A la oposición, a toda la oposición, fueran oligarcas, partidos políticos, oficiales de la marina, jerarquía católica, nacionalistas católicos o lo que sea, Perón los ponía cada vez más hartos, hartos e impotentes. Los pequeños errores del conductor, que no terminaban en los ya descriptos sino, en unos cuantos más (personalismos que hacían que La Pampa, pasara a llamarse provincia “Eva Perón”, el Chaco “presidente Perón” y La Plata “Ciudad Evita”).
Agreguemos las purgas entre los oficiales de las fuerzas armadas después de cada golpe de Estado, más los encarcelamientos a granel de sospechosos, más o menos entendibles en tiempos de conspiraciones. Para los gorilas no eran errores sino horrores que, todo les hacía suponer, durarían por lo menos hasta 1958 o más. Así que el único remedio posible ante “el tirano” era un golpe de Estado que por fin fuera exitoso, porque ya se habían intentado dos, además de varias tentativas de asesinar a Perón y hasta hacer estallar bombas mortales en medio de la multitud, sin otro resultado que volver al presidente cada vez más autoritario. Mientras ellos, los opositores, no conseguían constituir un frente unido o se desgastaban en internas. Sintetizando, desde el 52, hasta fines del 54, el panorama político fue ese.

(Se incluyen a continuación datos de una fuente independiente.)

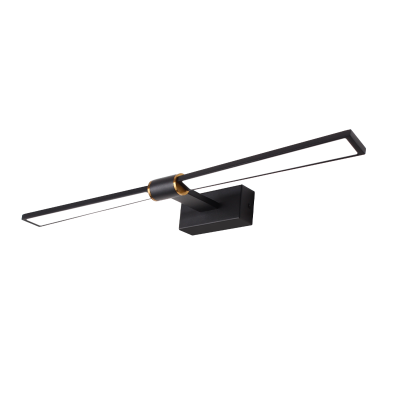 ΕΠΙΤΟΙΧΟ Φ/Σ LED 12W 780LM 4000K ΜΑΥΡΟ ΑΛΟΥΜΙΝΙΟ 610Χ140Χ55ΜΜ PAPIGION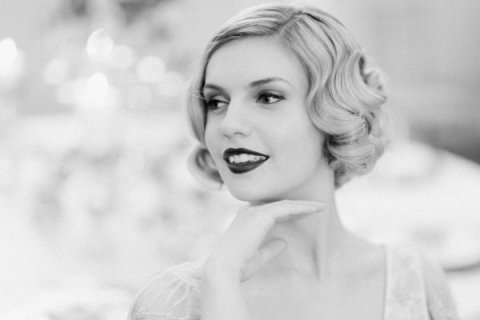 Wedding Hair and Makeup - Lipstick and Curls-Image 40807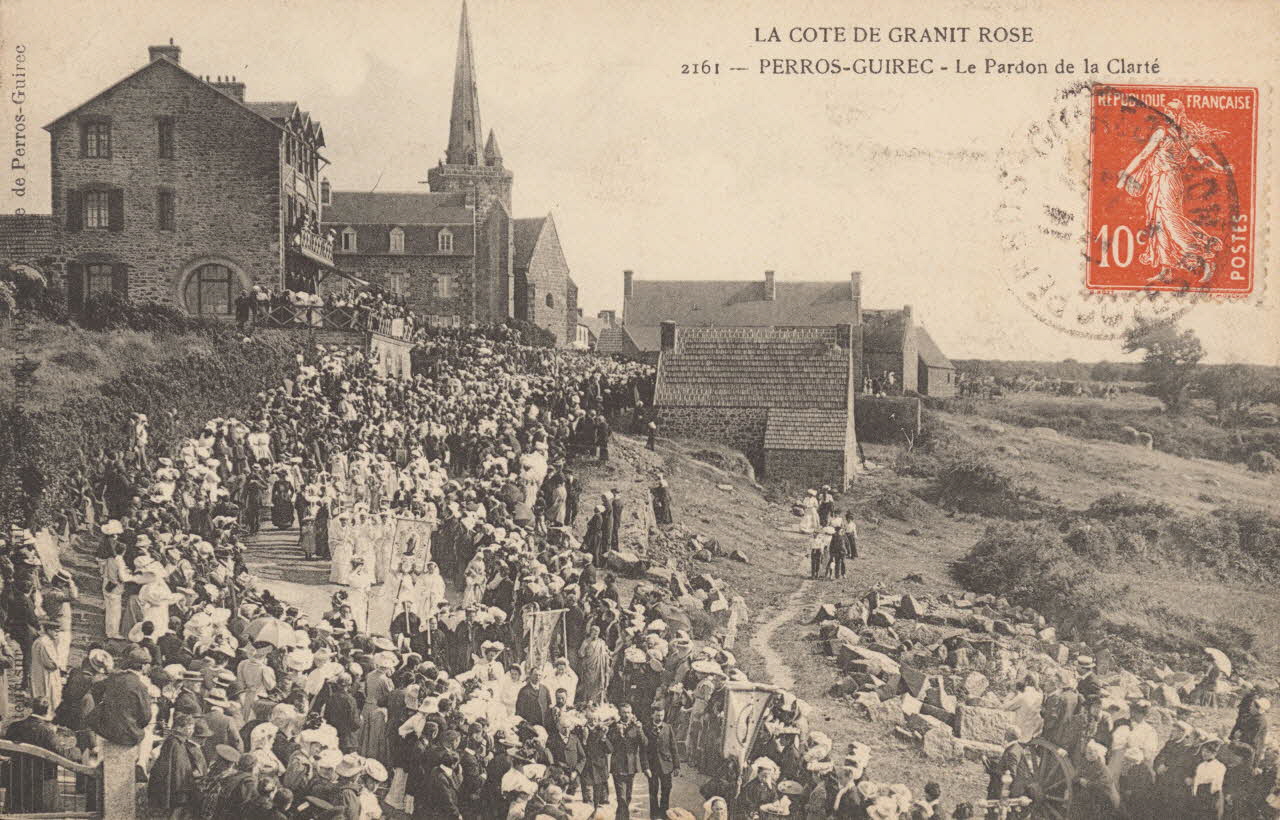 carte postale LE PARDON DE LA CLARTE Côtes-d'Armor 1903-1920 014263 Photo
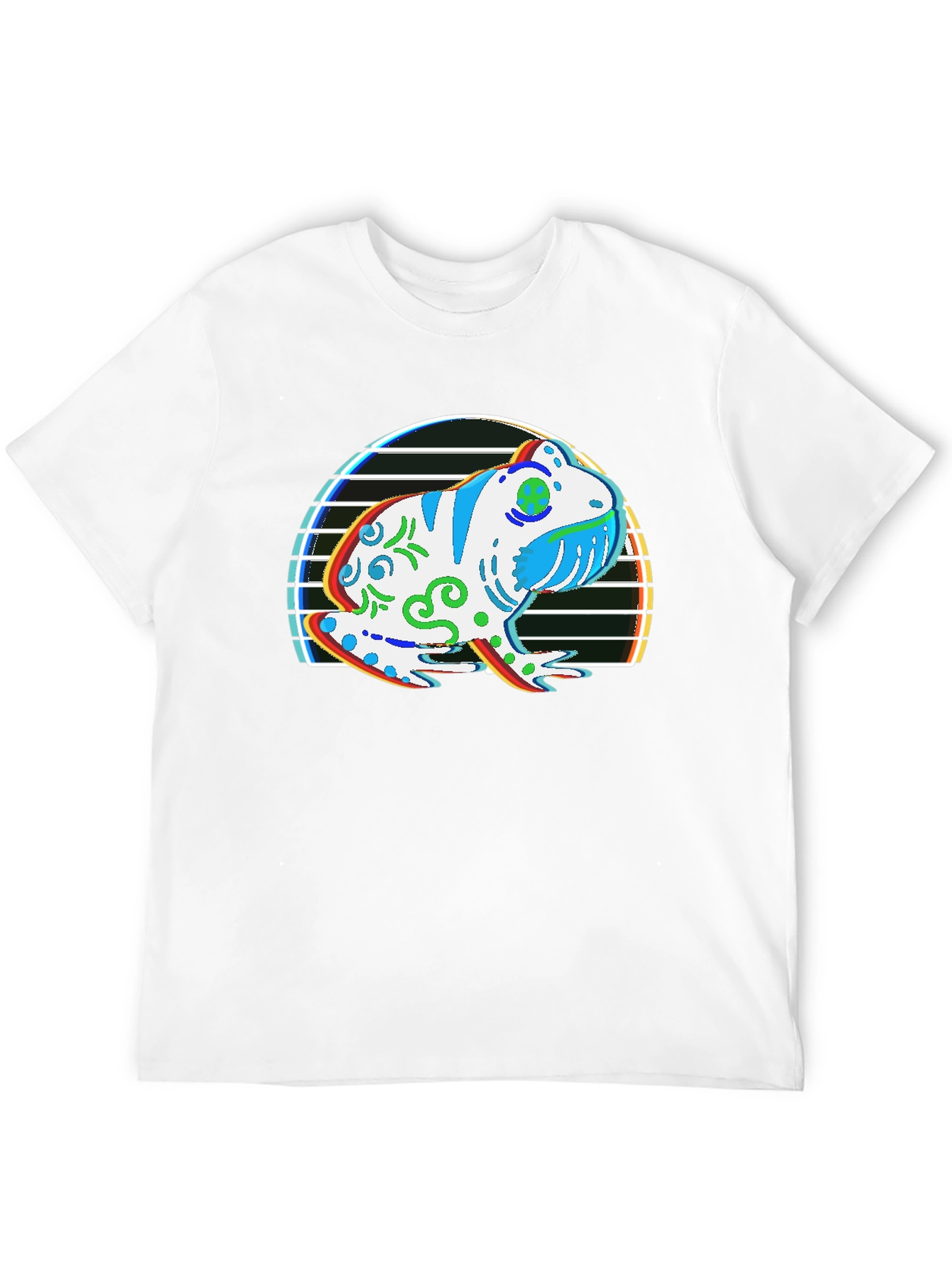 Frog Graphic T-Shirt - Black Cotton Tee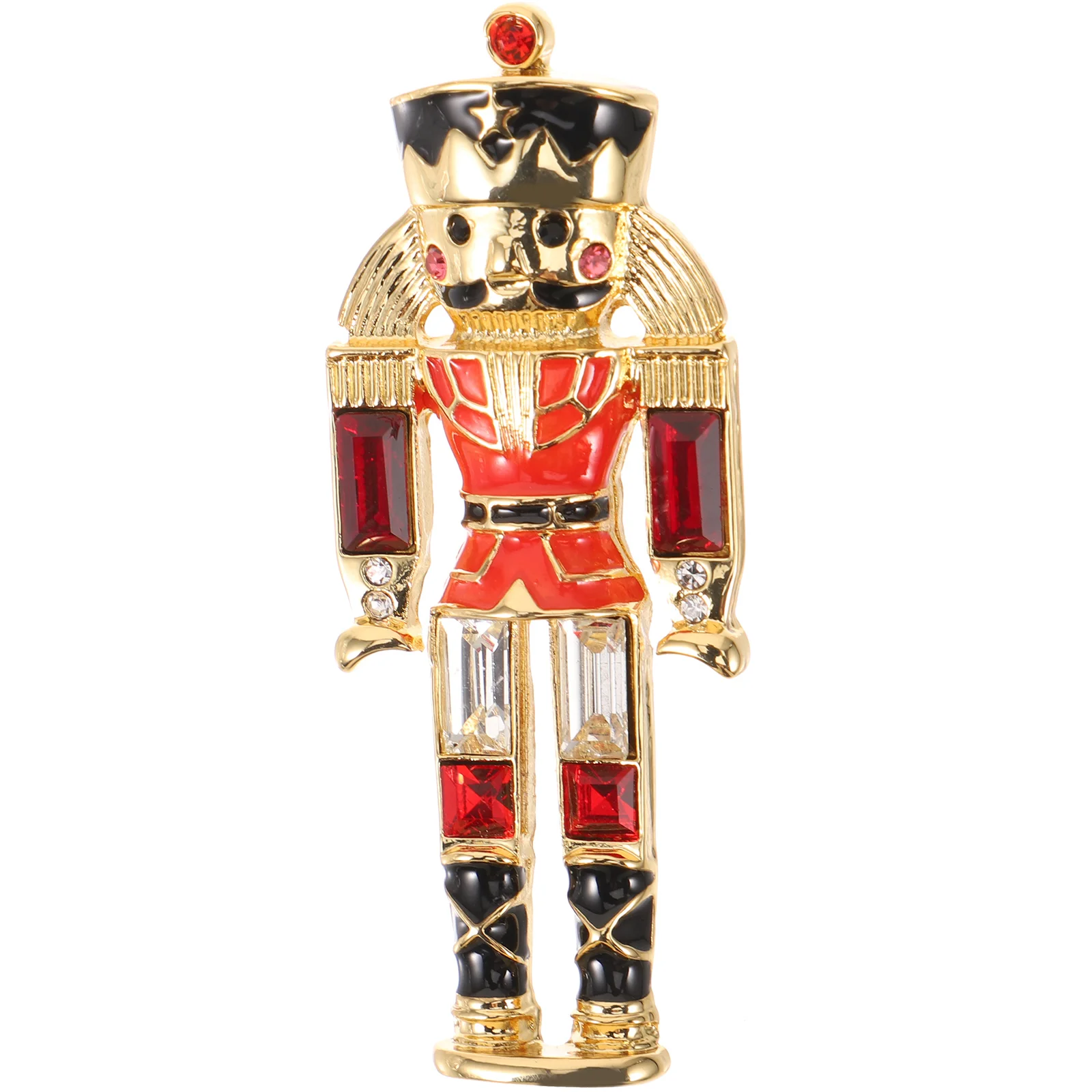 Nutcracker Soldier Brooch Pin Decorative Cute Cartoon Character Lapel Pins for Clothes Backpack Colorful Metal
Nutcracker Soldier Brooch Pin Decorative Cute Cartoon Character Lapel Pins for Clothes Backpack Colorful Metal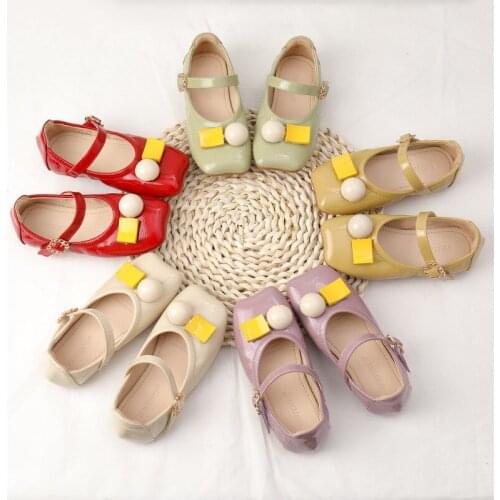 Childrens Shoes Western Style Princess Shoes Baby Soft Bottom Moccasin-Gommino Girls Shoes Leather Shoes Womens Shoes Flats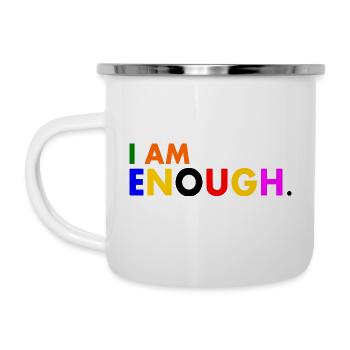 I am enough - Tasse émaillée - blanc - Gauche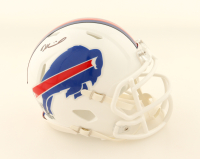 Dalton Kincaid Signed Bills Speed Mini Helmet (Fanatics) at PristineAuction.com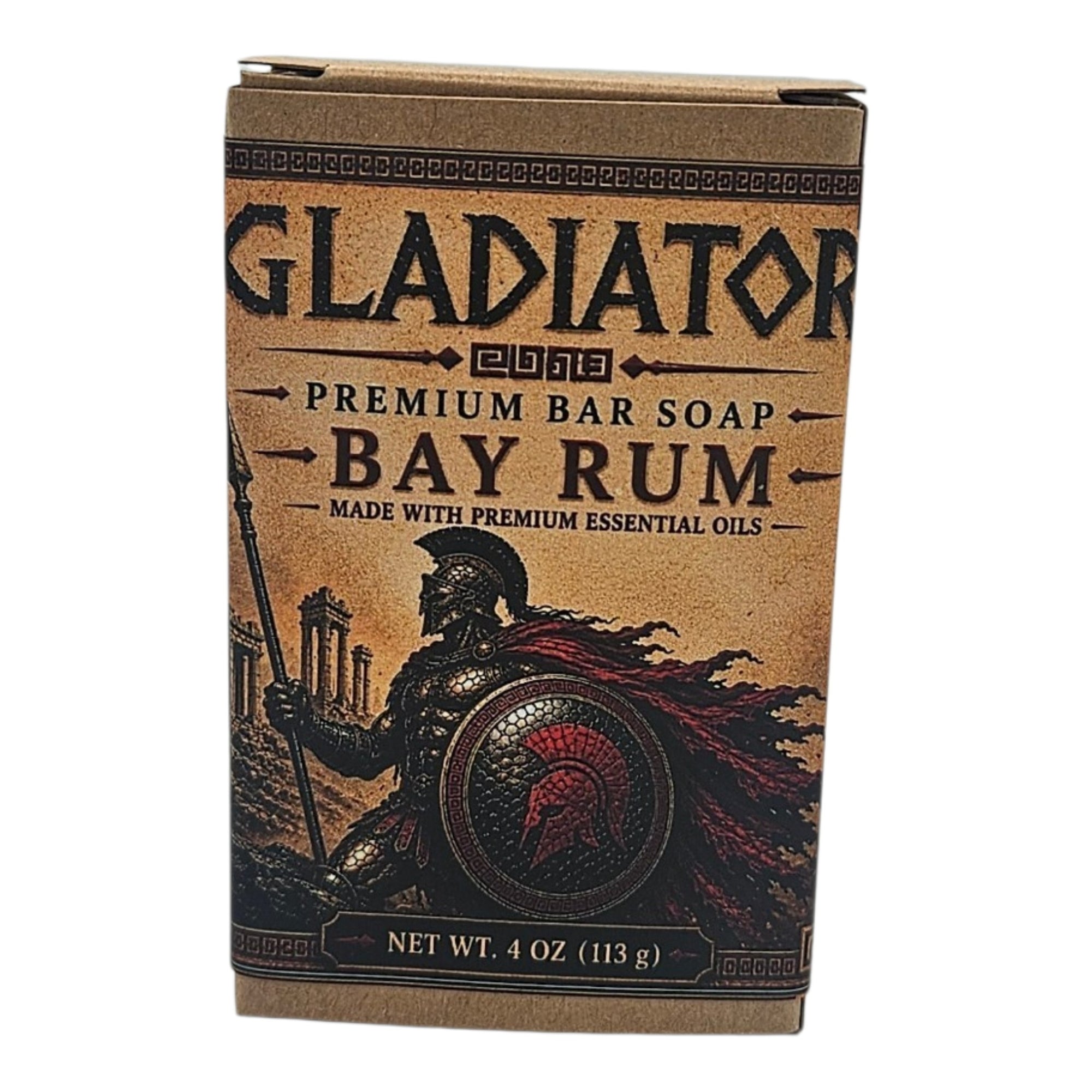 Bay Rum Bar Soap Cold Process | Gladiator Bar Soap Amish Country Soap Company, 4oz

Arturo Frondizi, que había llegado a convertirse en presidente de una renovada UCR, y que solía participar en reuniones conspirativas, opinaba que había que esperar, hasta que Perón cometiera un gran error, para que un golpe consiguiera desalojarlo del poder, ya que por elecciones era imposible. El gran error iba a llegar, por fin, sorpresivamente, a partir de noviembre del 54.